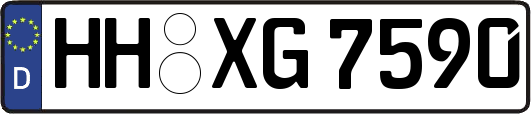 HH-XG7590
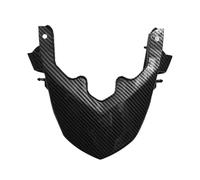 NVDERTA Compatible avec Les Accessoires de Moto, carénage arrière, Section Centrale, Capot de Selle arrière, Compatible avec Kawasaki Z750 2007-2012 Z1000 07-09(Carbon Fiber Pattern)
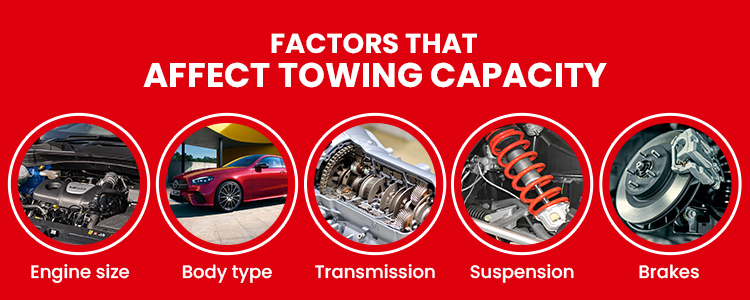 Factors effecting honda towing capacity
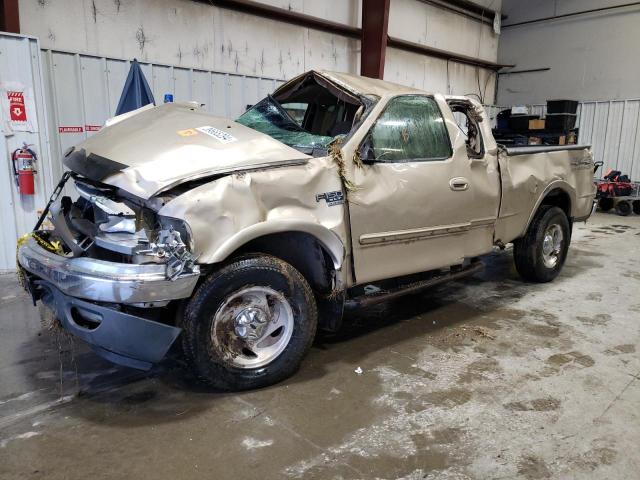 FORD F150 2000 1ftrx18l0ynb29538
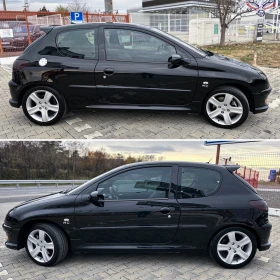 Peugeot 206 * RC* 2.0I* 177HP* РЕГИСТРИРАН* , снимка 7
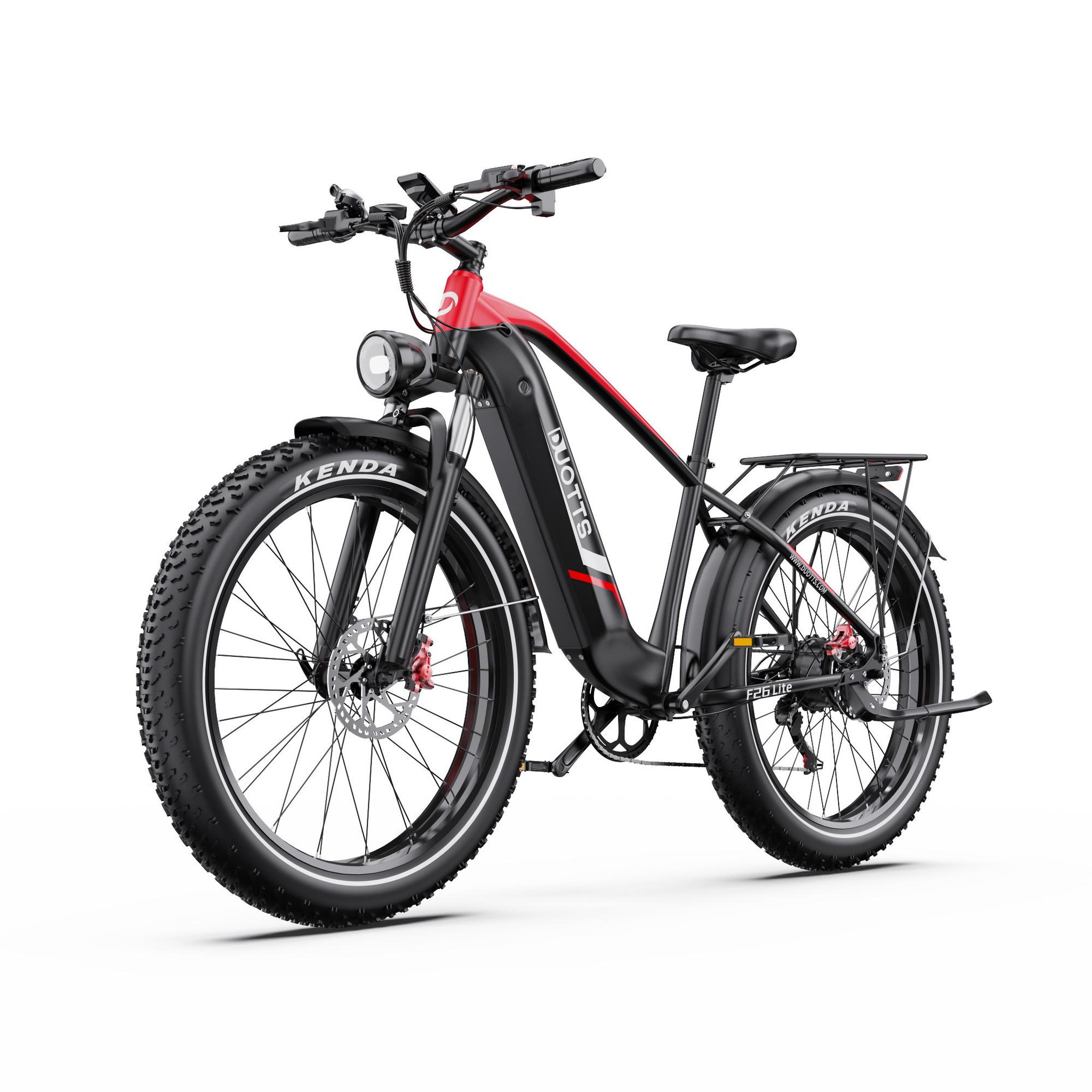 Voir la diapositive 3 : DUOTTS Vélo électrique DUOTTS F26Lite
---
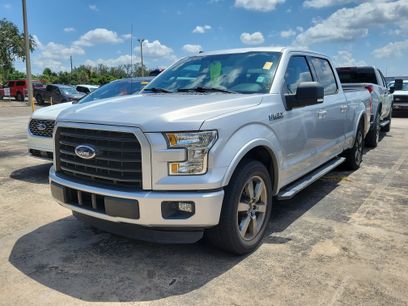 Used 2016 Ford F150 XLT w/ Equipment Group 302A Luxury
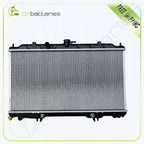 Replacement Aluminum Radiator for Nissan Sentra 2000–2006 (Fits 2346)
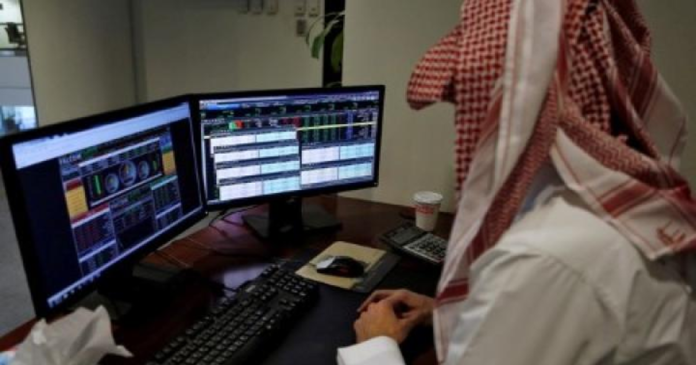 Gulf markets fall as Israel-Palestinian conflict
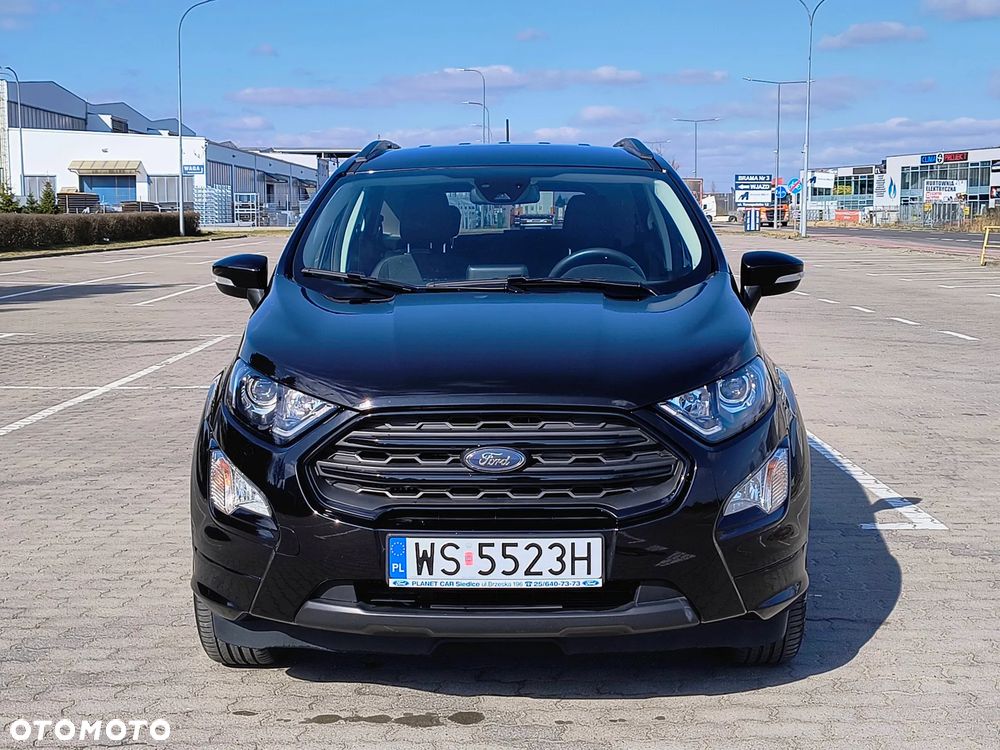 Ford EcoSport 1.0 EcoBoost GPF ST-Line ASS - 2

Directions for this task =
Output exactly, and only, the lines of the entries above from the one with "Used 2016 Ford" up to and including the one with "Ford EcoSport 1.0"; pictures are to be left out.

Output for this exercise =
 Used 2016 Ford F150 XLT w/ Equipment Group 302A Luxury
 Replacement Aluminum Radiator for Nissan Sentra 2000–2006 (Fits 2346)
 Gulf markets fall as Israel-Palestinian conflict
 Ford EcoSport 1.0 EcoBoost GPF ST-Line ASS - 2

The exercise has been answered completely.